#### TASK TO CARRY OUT
Your answer must be the exact lines from the one holding "Senyum Raffi Ahmad" through the end of the entries, with no pictures.

#### PROVIDED DATA
§

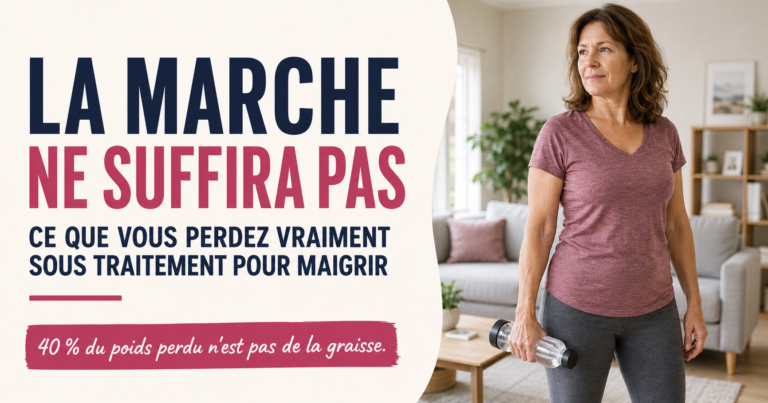 Traitement pour maigrir : ce que vous perdez vraiment (et ce n&rsquo;est pas que de la graisse)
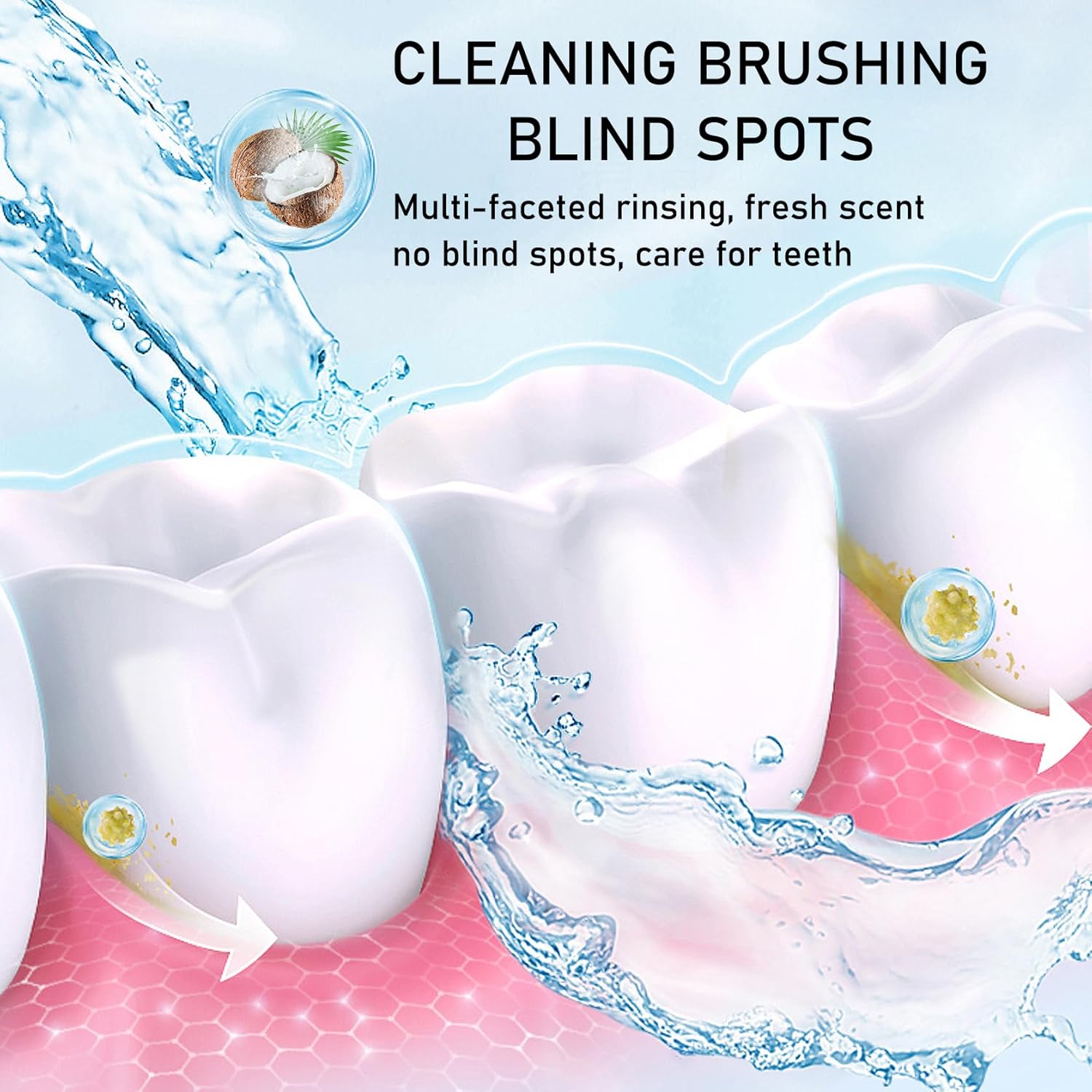 Mini Mouthwash Travel Size,Coconut Flavor Portable Individual Travel Mouth Wash for Fresh Breath, Refreshing Long Lasting Gentle Oral Care Mouthwash Packs(Pack of 20)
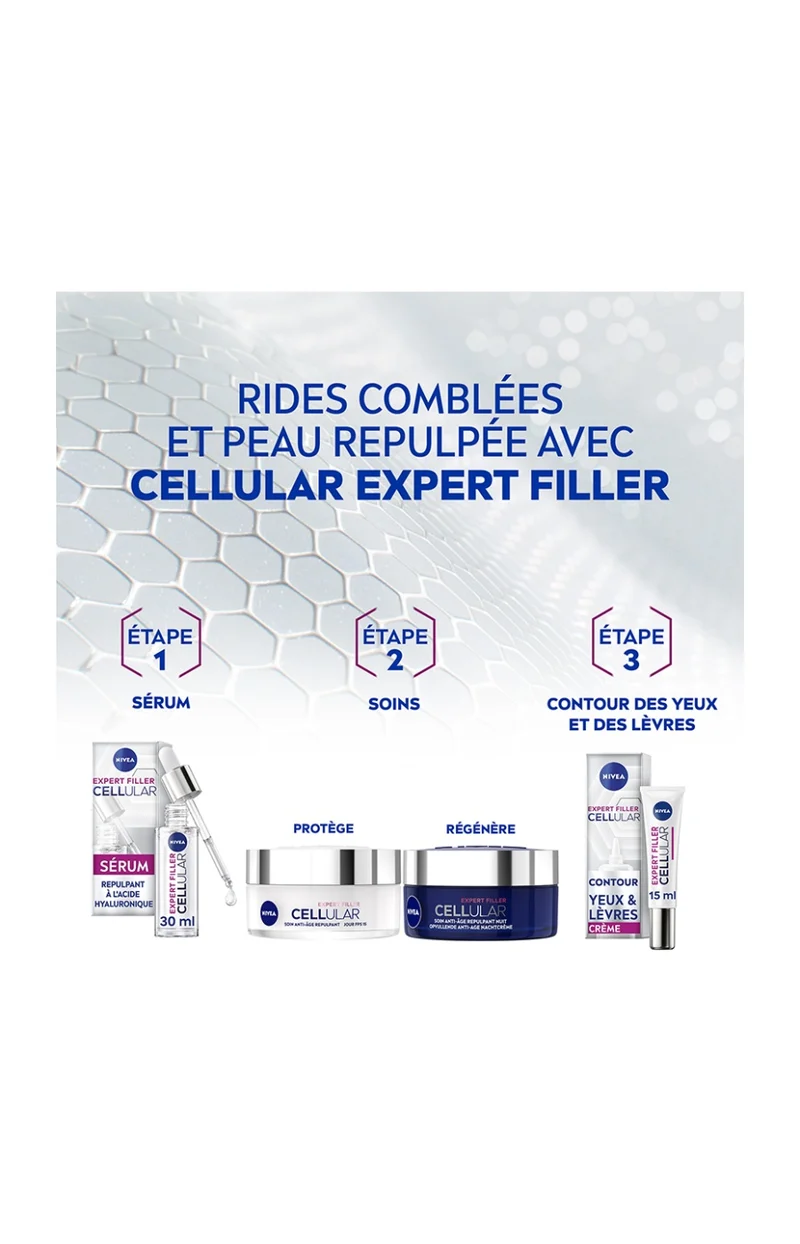 Soin de jour anti-âge repulpant SPF 15 - Expert Filler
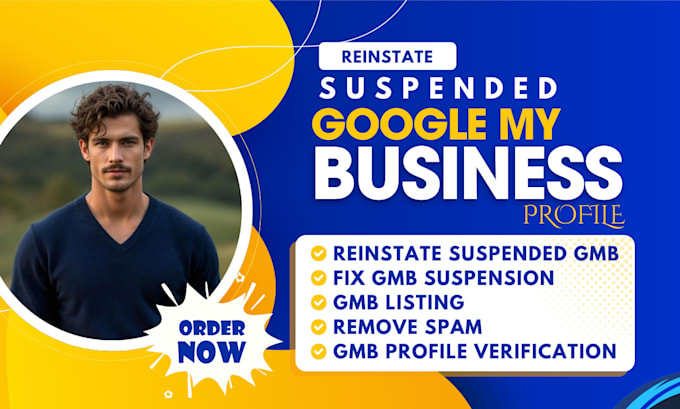 Gig Preview - Reinstate suspended google my business profile, fix suspended gmb, gmb listing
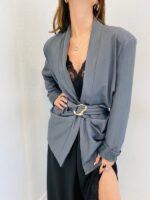 Veste Ceinturée avec Boucle – Image 5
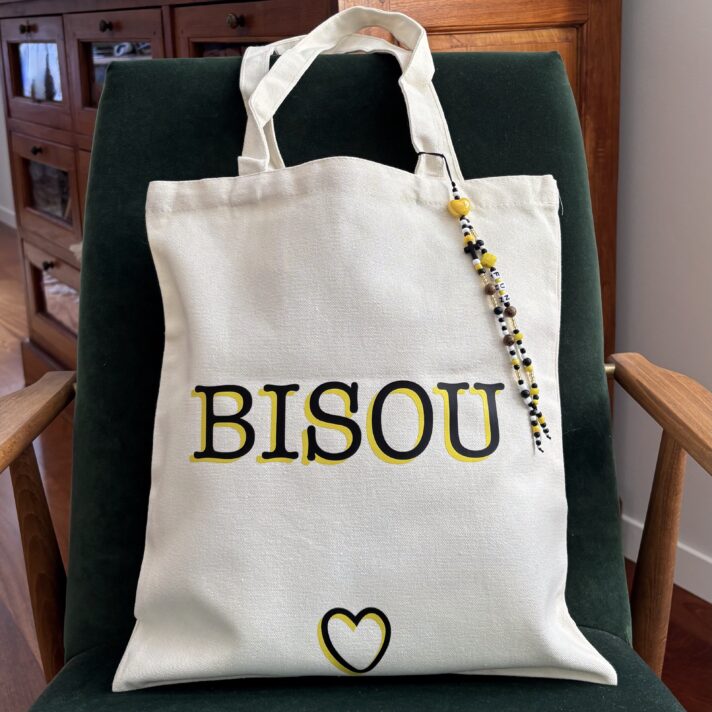 Sac "BISOU" - jaune et noir – Image 2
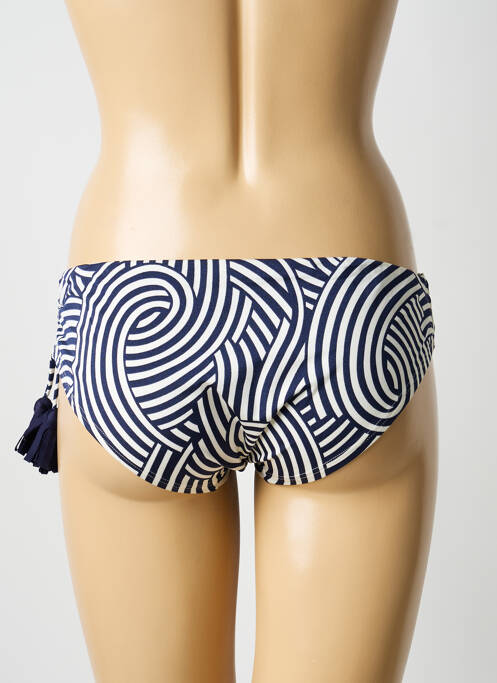 Bas de maillot de bain imprimé fantaisie culotte bleu PRINCESSE TAM-TAM femme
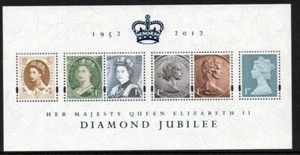 Great Britain Sc 2996 2012 Diamond Jubilee QE II stamp sheet mint NH - Picture 1 of 1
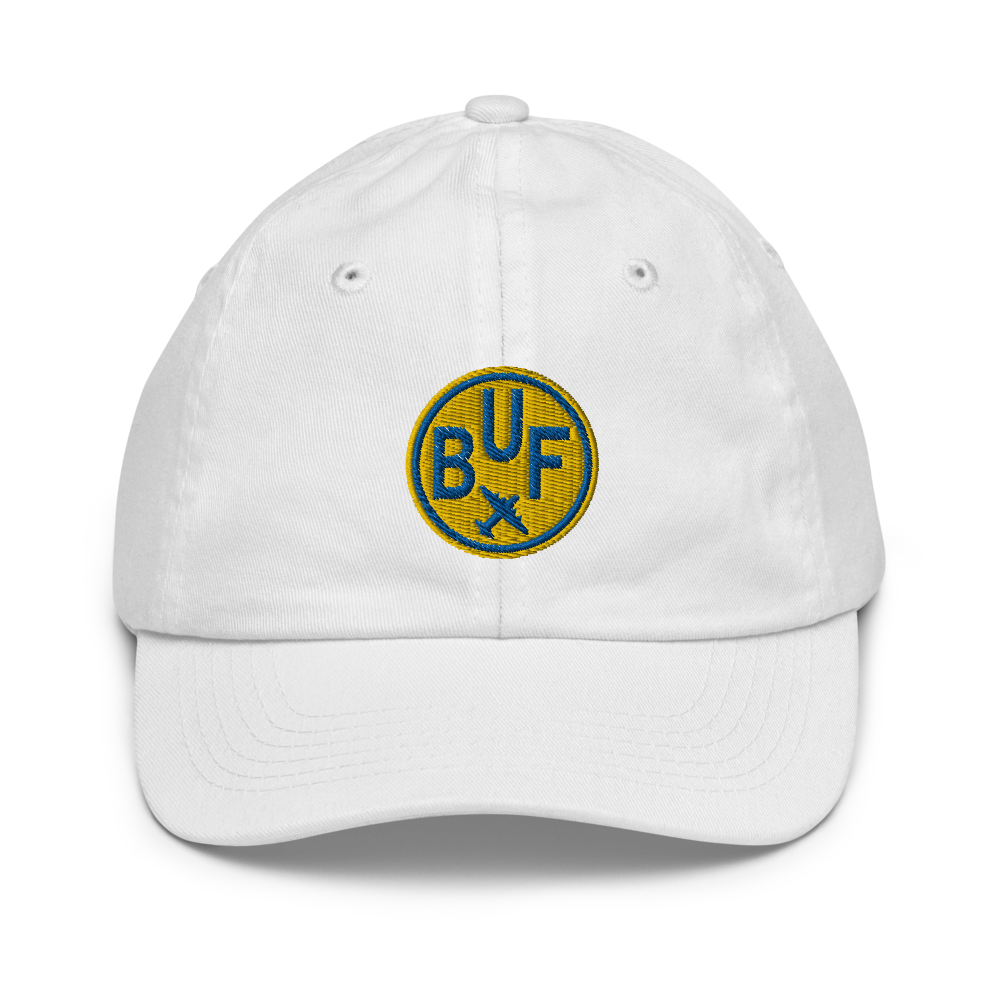 Roundel Kid's Baseball Cap - Gold • BUF Buffalo • YHM Designs - Image 06
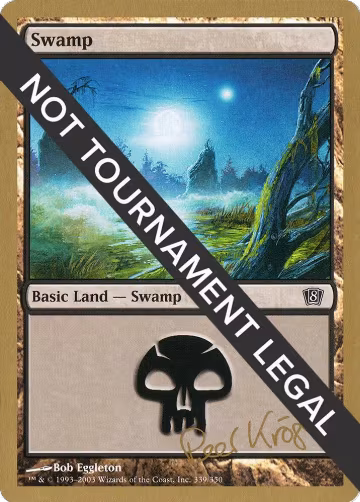 Swamp (339) - 2003 Peer Kroger (8ED), World Championship Decks — Magic card price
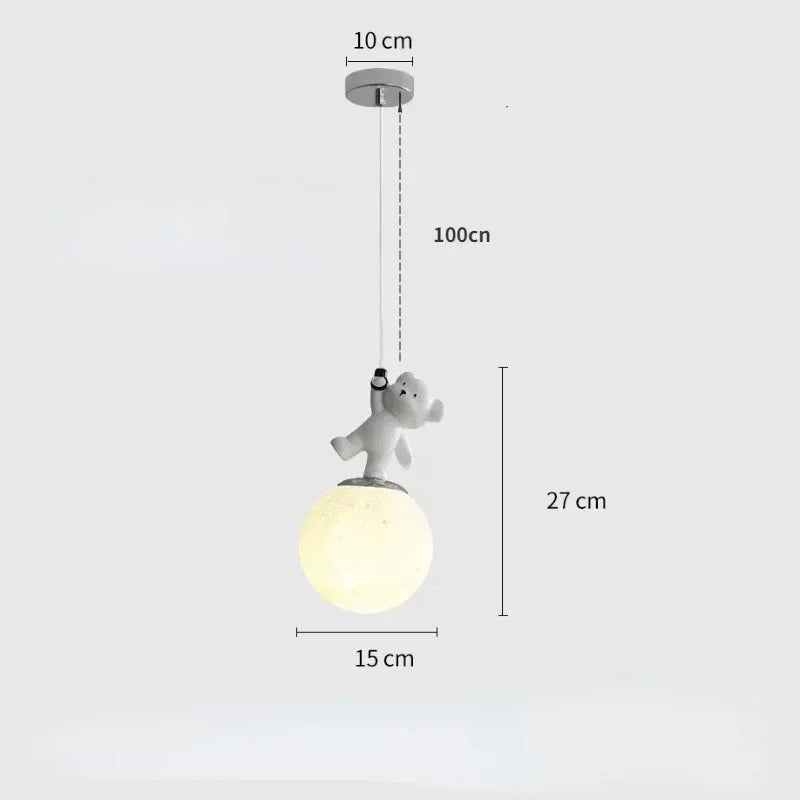 Nordic Bear Glow - hanglampen - zijaanzicht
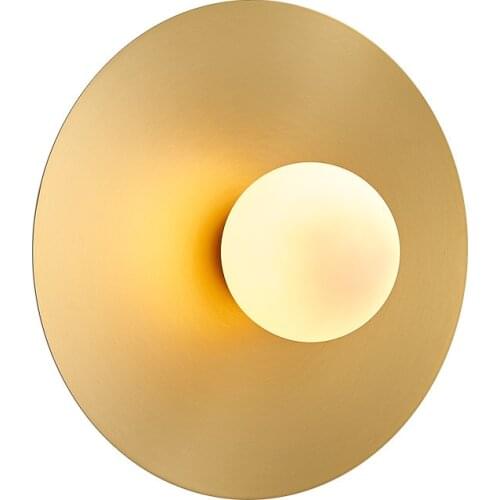 Lamparas de techo colgante moderna crystal wall lamp wood glass ball aisle bedroom bedside corridor wall lamp wall lamp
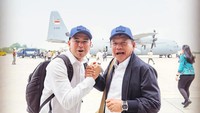 Senyum Raffi Ahmad bersama dengan Muhammad Herindra, Kepala Bandan Intelijen Negara Republik Indonesia. Foto: dok. Instagram Raffi Ahmad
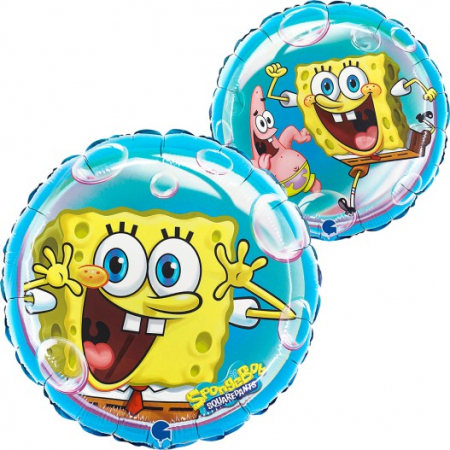 Sponge Bob - Balon folie rotund Sponge Bob 45 cm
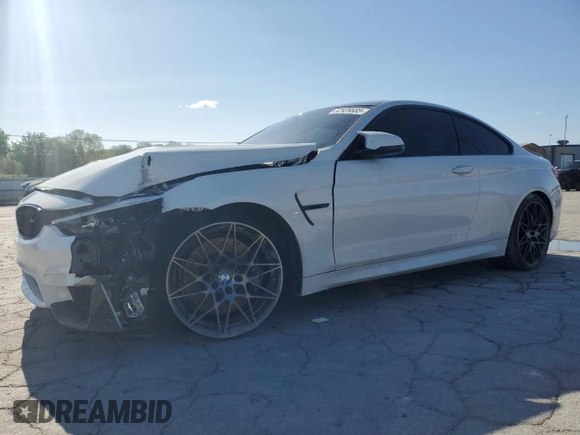 2018 BMW M4 с VIN WBS4Y9C59JAC87657, выставлен на аукционе Copart как лот 52928685 с пробегом 54 853 миль миль и Списание • Salvage title. История ставок и продаж доступна на DreamBid. Изображение 1.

§

#### SOLUTION TO THIS TASK
 Senyum Raffi Ahmad bersama dengan Muhammad Herindra, Kepala Bandan Intelijen Negara Republik Indonesia. Foto: dok. Instagram Raffi Ahmad
 Sponge Bob - Balon folie rotund Sponge Bob 45 cm
 2018 BMW M4 с VIN WBS4Y9C59JAC87657, выставлен на аукционе Copart как лот 52928685 с пробегом 54 853 миль миль и Списание • Salvage title. История ставок и продаж доступна на DreamBid. Изображение 1.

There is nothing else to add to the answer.